The New York Magazine piece pays lip service to the fact that this is old stuff:

It isn’t as if cheating is new. But now, as one student put it, “the ceiling has been blown off.” Who could resist a tool that makes every assignment easier with seemingly no consequences? After spending the better part of the past two years grading AI-generated papers, Troy Jollimore, a poet, philosopher, and Cal State Chico ethics professor, has concerns. “Massive numbers of students are going to emerge from university with degrees, and into the workforce, who are essentially illiterate,” he said. “Both in the literal sense and in the sense of being historically illiterate and having no knowledge of their own culture, much less anyone else’s.”

Oh, no! Generations of students will now emerge from university who are historically and culturally illiterate? O tempora! O mores! It wasn't that way when I was in school! I fell into that trap when I was a TA -- they might do this at USC, but I went to an Ivy, where that sort of thing is just not done. I was unbelievably naive; academic culture has tolerated this sort of corruption since time immemorial.

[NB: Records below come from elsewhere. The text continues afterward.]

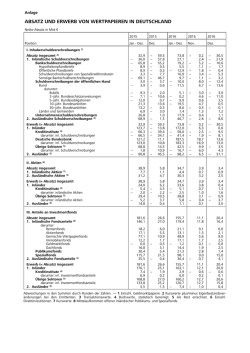 Absatz und Erwerb von Wertpapieren in Deutschland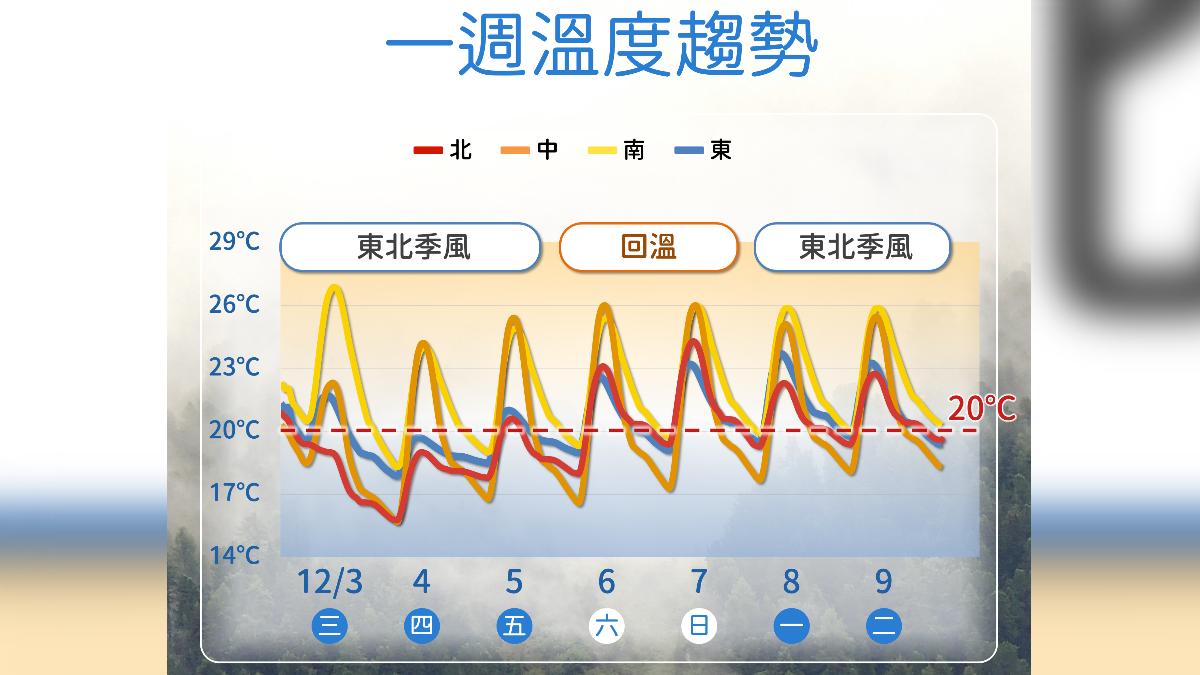 一周溫度趨勢。（圖／氣象署）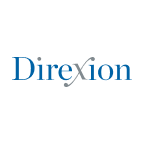 Direxion Daily FTSE China Bull 3X Shares Share Price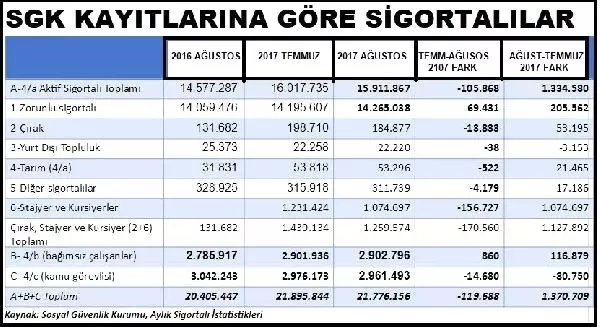 Disk-Ar: Gerçek İşsiz Sayısı Altı Milyon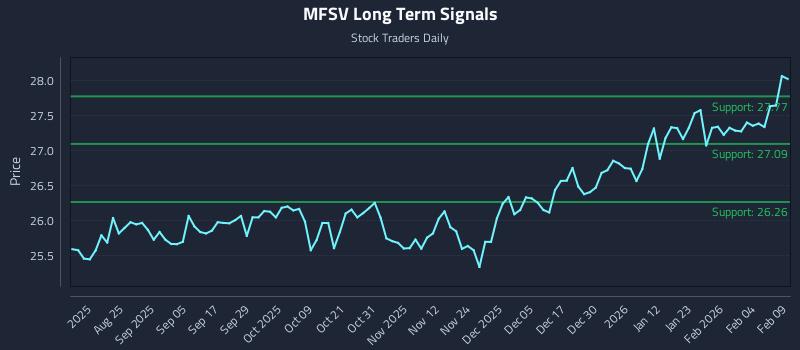 MFSV Long Term Analysis for February 10 2026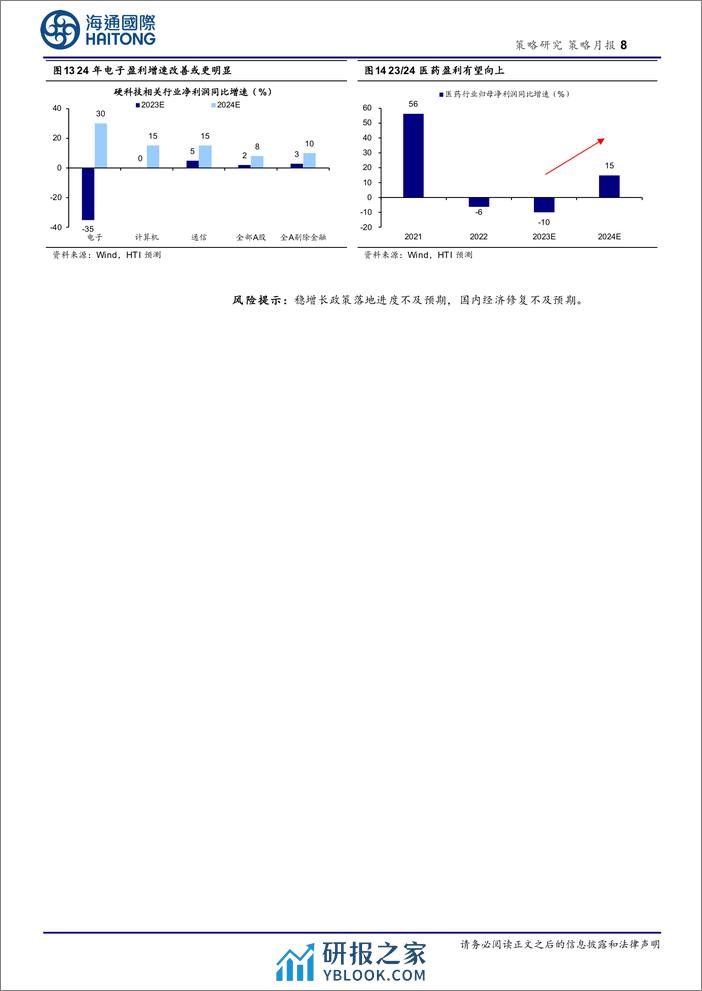 策略月报：月线六连阴后A股资金面和估值行至何处？-20240203-海通国际-15页 - 第8页预览图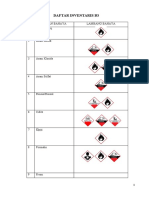 Daftar Inventaris B3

For that matter, of the two women I dated seriously in graduate school, both were also having affairs with their professors. Both eventually became full professors. Surely this was just a random coincdence?

There's an IT truism that predates AI by a couple of generations: garbage in, garbage out. All ChatGPT does is go to Cliff's Noes, which are now on line anyhow, and build clumsy essays that read every bit as badly as the students who turned in equivalent papers in the 1970s and surely long before that. AI will never make people smarter, and it will never replace smart people. In particular, I don't think it represents any moral problem that hasn't existed already, especially in the universities.